Sono trascorsi otto mesi da quando, da più parti in Italia, si è alzata una voce unitaria che chiedeva di avere una rappresentanza di genere paritaria nella gestione dell’emergenza e in tutte le nomine pubbliche, comitati, task force e indicazione di commissari. Una voce che ha avuto una risposta con l’ingresso effettivo di un numero maggiore di donne sia nella task force “Ricostruzione” che nel comitato tecnico-scientifico.
Una risposta tardiva, forse parziale, giacché la task force fu dimessa poco dopo, per fortuna non così presto da non consentire alle donne presenti in maggior numero di vagliare un capitolo dedicato alla parità di genere, dimostrando che qualità e quantità contano, eccome.
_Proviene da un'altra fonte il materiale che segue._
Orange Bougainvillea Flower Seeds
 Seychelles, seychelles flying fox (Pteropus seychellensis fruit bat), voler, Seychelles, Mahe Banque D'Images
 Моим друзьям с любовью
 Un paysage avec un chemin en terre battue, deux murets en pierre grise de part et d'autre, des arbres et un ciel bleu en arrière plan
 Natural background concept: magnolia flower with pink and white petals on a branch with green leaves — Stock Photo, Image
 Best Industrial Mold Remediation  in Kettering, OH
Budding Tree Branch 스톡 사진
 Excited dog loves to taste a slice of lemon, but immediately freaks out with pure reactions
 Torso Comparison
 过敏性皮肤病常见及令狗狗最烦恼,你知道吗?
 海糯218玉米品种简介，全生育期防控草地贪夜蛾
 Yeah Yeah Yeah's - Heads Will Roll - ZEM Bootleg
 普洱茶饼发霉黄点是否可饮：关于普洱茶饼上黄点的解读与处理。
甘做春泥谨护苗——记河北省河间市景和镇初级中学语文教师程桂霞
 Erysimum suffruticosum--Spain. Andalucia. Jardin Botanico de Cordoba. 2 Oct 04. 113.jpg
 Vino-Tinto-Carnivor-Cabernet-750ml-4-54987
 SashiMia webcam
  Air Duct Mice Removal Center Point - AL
Alla richiesta di rappresentanza è seguita poi la proposta di dedicare le risorse stanziate dal Next Generation EU alle donne, e la decisione del Parlamento Europeo di vagliare i piani nazionali che accederanno ai fondi con la lente del bilancio di genere, nonostante il percorso accidentato dei fondi europei, è storica.
In sintesi, il mondo sta andando lentamente ma inesorabilmente verso una direzione più equa: ne sia un esempio su tutti l’elezione della prima vicepresidente donna degli Stati Uniti, Kamala Harris. Tuttavia, la luce in Italia è ancora lontana dal venire.